L'immagine catartica degli inceneritori, metaforici “sciacquoni di fuoco” che ci purificano dalla presenza immonda del rifiuto, è un mito che può significare, come il tentativo da una parte di far perdere le nostre impronte ed il passato con cui non vogliamo più avere a che fare, a scanso di improbabili ma possibili indagini spazzaturologiche, dall'altro come di un voler eliminare il nostro lato oscuro, quello che non vogliamo far sapere di noi, nell'illusione di poterlo distruggere del tutto.

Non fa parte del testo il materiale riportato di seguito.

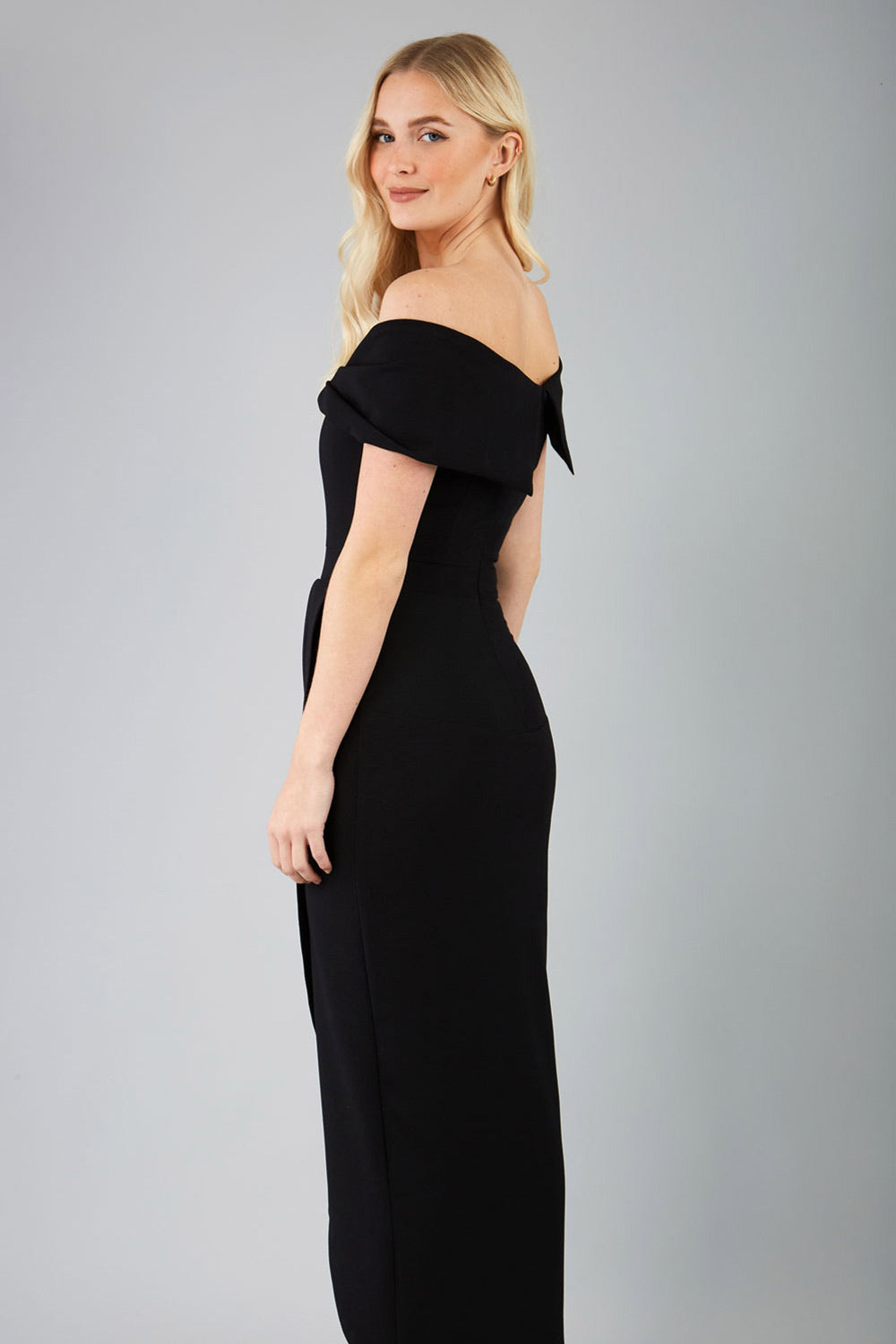 Vegas Calf Length Dress – Diva Catwalk, image 10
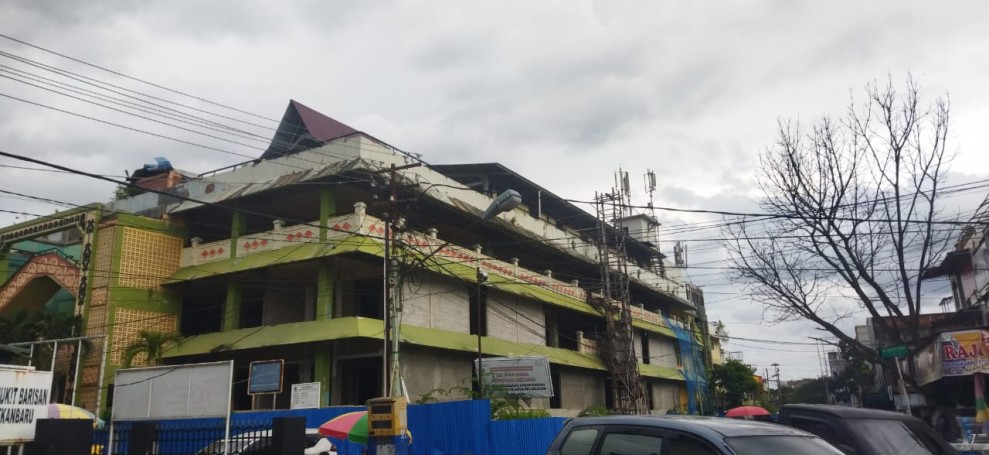 Kepolisian dan Kejaksaan Diminta Usut Oknum Pejabat Pemko Pekanbaru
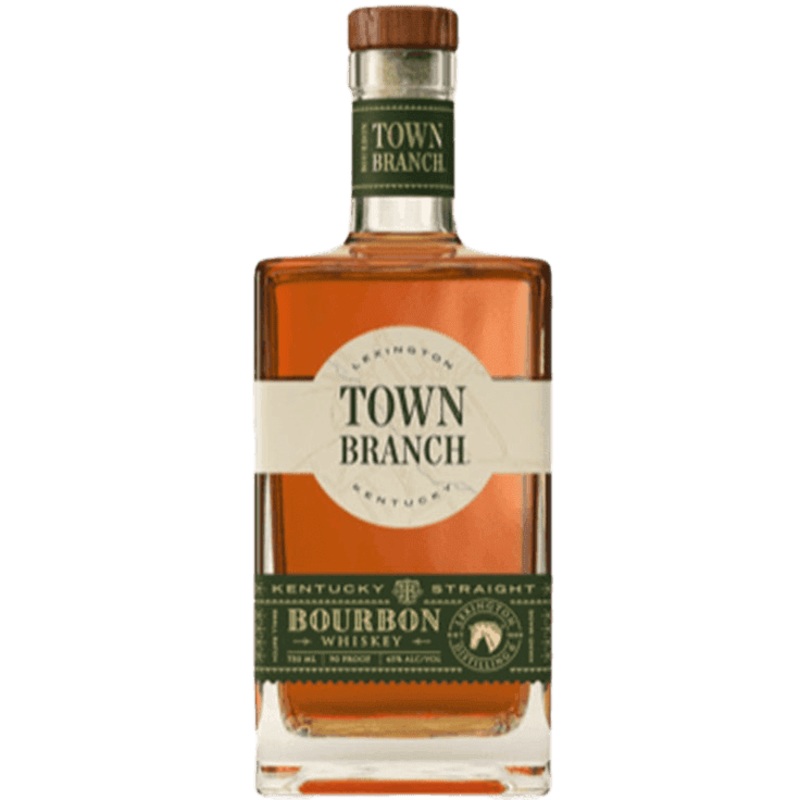 Town Branch Kentucky Straight Bourbon - 750ML
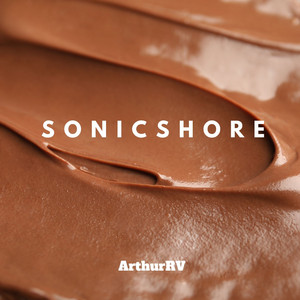 Sonicshore by ArthurRV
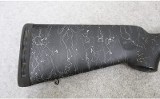 Christensen Arms ~ Model 14 Ridgeline ~ 7mm Rem Mag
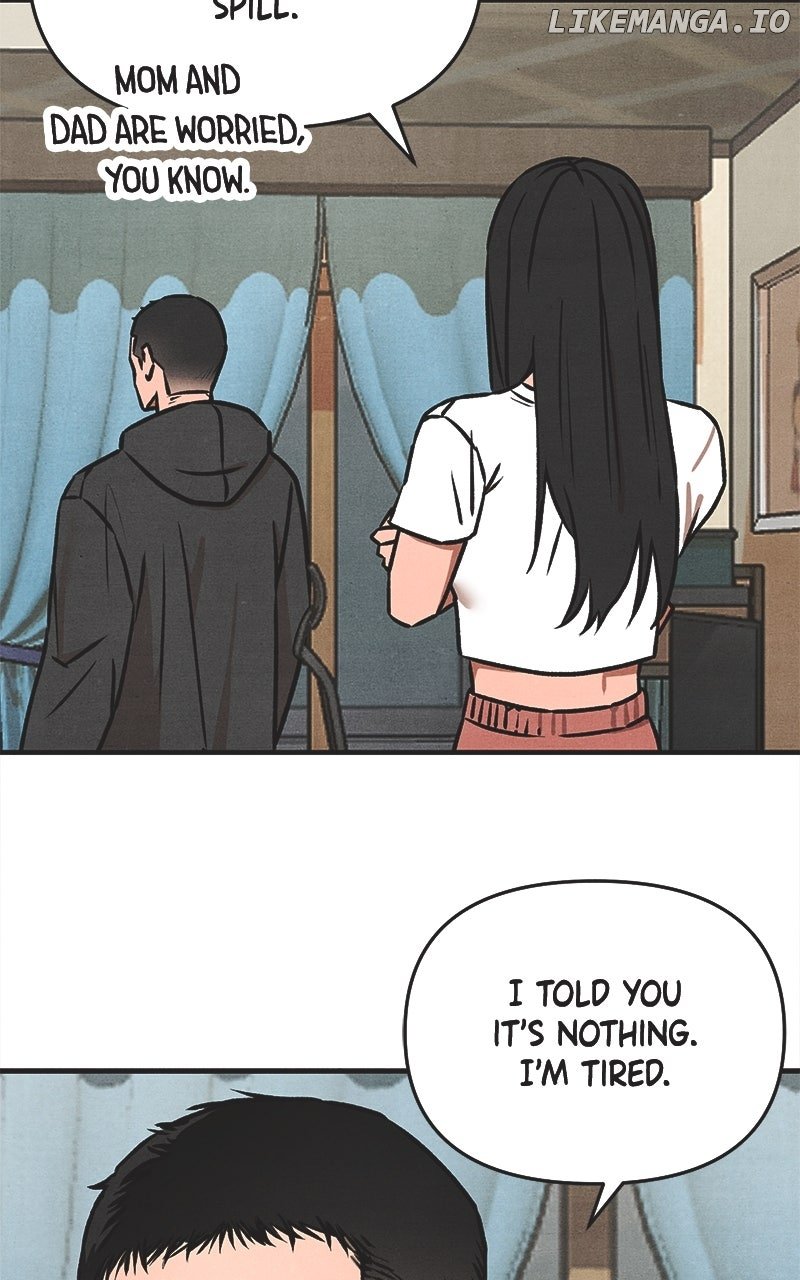 Read Who's That Long-Haired Senior RSS Feed Manga Online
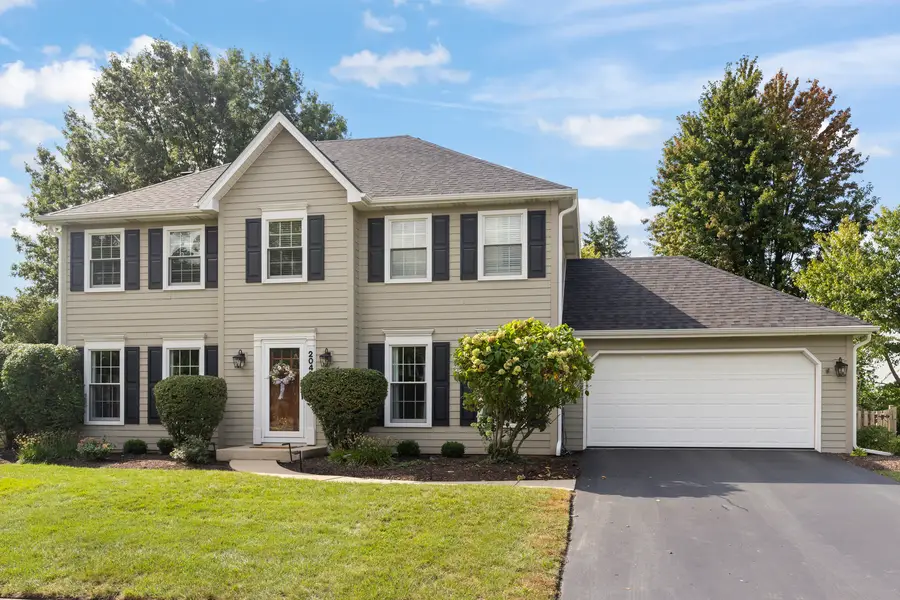 2042 Richton Drive, Wheaton, IL 60189 - #2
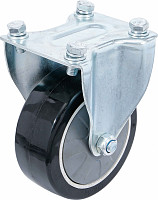 Fiksno kolo za delavniški voziček BGS 4110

In realtà così facendo niente scompare, ma anzi lo si fa diventare più pericoloso sia da un punto di vista psicologico che dal punto di vista del rifiuto; infatti i nostri problemi psichici irrisolti cresceranno ancora di più e col bruciare la spazzatura spargeremo inquinanti , tossicità, malattie, ovunque, per decine di anni.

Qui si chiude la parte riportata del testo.